Fridman points to discoveries in an 8th century tomb at the site of Khirbet el Qom, containing the names of YHWH - the God of the Bible - and a female figure, Ashera. Fridman says that the inscription appears to be a prayer, invoking both deities.

Another inscription, found at the site of Kuntillet Arjud, is dedicated to, ““YHWH and his ASHERA”. Such practices continued into the late Iron Age of the Land of Israel (10th–6th centuries BC), according to Fridman.                                        

Professor Francesca Stavrakopoulou of the University of Exeter said, “There is increasing evidence that the ancient Israelites worshipped a number of gods alongside their ‘national’ patron deity, Yahweh. The goddess Asherah was among these deities.

“Not only is she mentioned in the Hebrew Bible (Old Testament), but inscriptions dating to the eighth and seventh centuries BCE attest to her worship alongside Yahweh in the kingdoms of Israel and Judah. Taken together, the biblical and archaeological evidence strongly suggests that Asherah was worshipped by some Israelites as the wife of Yahweh. They were likely a divine couple at the head of the local pantheon.”

Stavrakopoulou says that deities such as Asherah were “written out of history” as Yahweh became the “one God” of Jerusalem.

Theologians of the time were the scribes responsible for biblical texts - and Asherah’s appearances cast her as “foreign”, rather than as wife material.

“With the gradual emergence of monotheism in the sixth and fifth centuries BCE, a process in which Yahweh was increasingly prioritised over and above all other deities to the point at which the pantheon was ultimately rendered redundant, the goddess Asherah fell from favour among the leading theologians among Jerusalem’s elites,” Stavrakopoulou says.

“Many of these theologians were the scribes responsible for the production of biblical texts, and they sought to discredit and vilify the goddess of old by casting her as a deity ‘foreign’ and ‘abominable’ to traditional Yahweh-worship.
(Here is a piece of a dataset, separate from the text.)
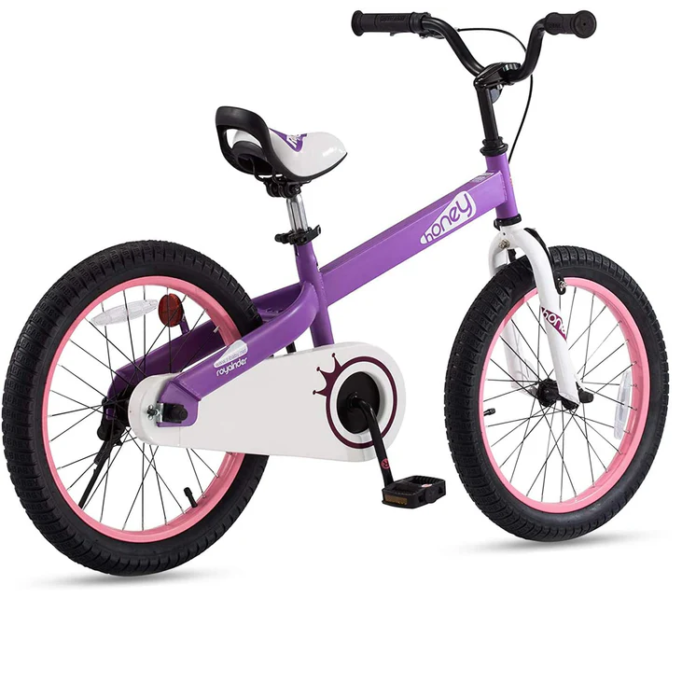 Bicicleta pentru copii Royal Baby Honey Children Mov cu ghidon reglabil, cadru din otel,  18 inch, varsta 5-7 ani , greutate suportata 80 kg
As a result, she was falsely caricatured in the Bible either as a ‘Canaanite’ competitor to the Israelite god Yahweh (as in Torah and the Books of Kings), or as a lifeless wooden idol – an object to be destroyed by obedient to Yahweh’s demands that Israelites should worship him, and him alone (as in Deuteronomy).”

Other academics point to clay figurines of female forms as evidence that monotheism did not take hold instantly in the aera.

Erin Darby of the University of Tennessee-Knoxville says that female figurines were used widely - although perhaps not as a “religion” in the way we understand it today.

"The Judahite pillar figurines certainly tell us that many of the people who lived in Judah  used small terracotta females in rituals that I strongly believe relate to protection and healing, most frequently taking place in homes and neighborhoods. This is especially true in Jerusalem,” Darby said in an interview with Haaretz.                   

The idea that Iron Age Israelites were strict “monotheists” is perhaps wrong, Darby suggests.

"I think you have tons of evidence to back this up, especially in Jerusalem and outlying areas like Motza. Not even the Bible claims that most ancient Judeans were strict monotheists," she said.